收敛半径为1. 需要证明在$|z|=1,z≠1$收敛.
因为$∑_{n≥1}z^n$在$|z|=1$不收敛,无法用函数级数积分证明(逐项积分需要一致收敛).
令$z=\cos x+i\sin x(x\in\Bbb R)$, 那么$∑_{n≥1}z^n/n=∑_{n≥1}\frac{\cos nx+i\sin nx}n$. 转化为证明$∑_{n≥1}\frac{\cos nx}n,∑_{n≥1}\frac{\sin nx}n$对$x\in\Bbb R$收敛.
因为$∑_{n≥1}\frac{\cos nx}n$不绝对收敛,不适用Weierstrass M-test.

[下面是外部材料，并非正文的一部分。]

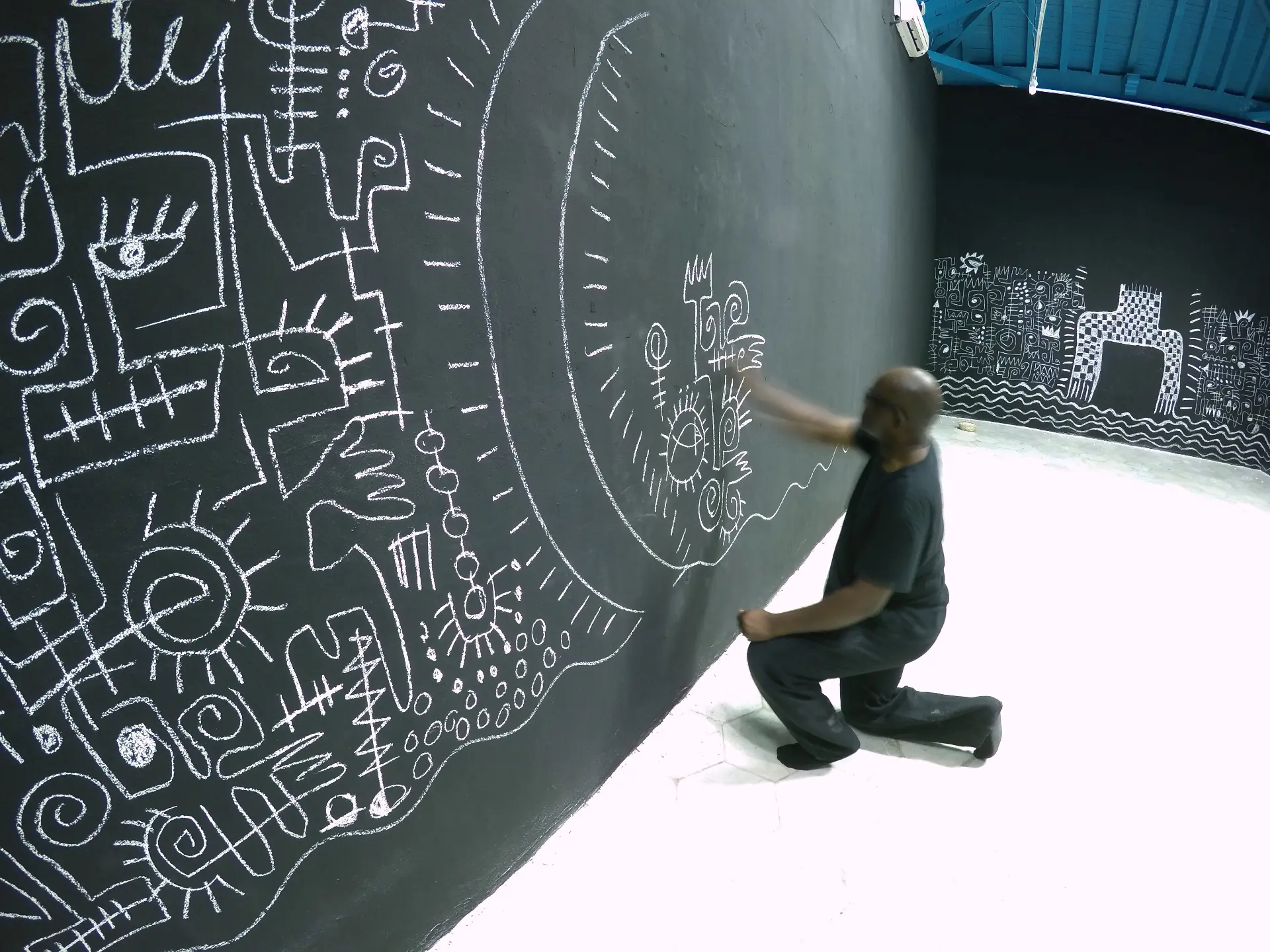 Drawing Memories
Wilfredo Lam Center for Contemporary Art, 12 Havana
Biennial, Havana, Cuba. (2015).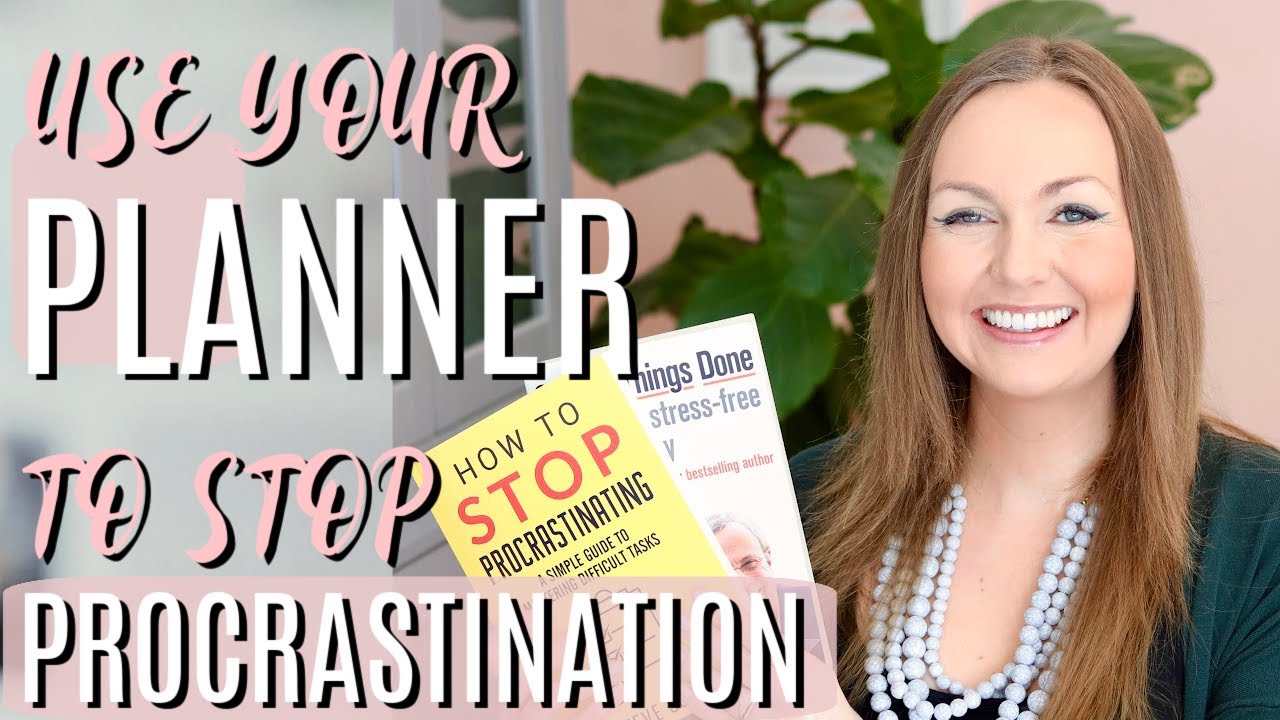 How to Stop Procrastinating on Small Tasks (Using Your Planner to Help) | Time Management Quick Tips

因为$∑_{n≥1}\frac1n$和$∑_{n≥1}\cos(nx)$发散,且$f_n(x)=\cos nx$关于$n$不是单调减的,不适用Abel's test for uniform convergence.
我们使用Dirichlet's test:
级数$∑_{n≥1}\frac{\cos nx}n$在$x\in\Bbb R$不是一致收敛的，但在不含 $2k\pi,k \in \mathbb{Z}$的闭区间上一致收敛。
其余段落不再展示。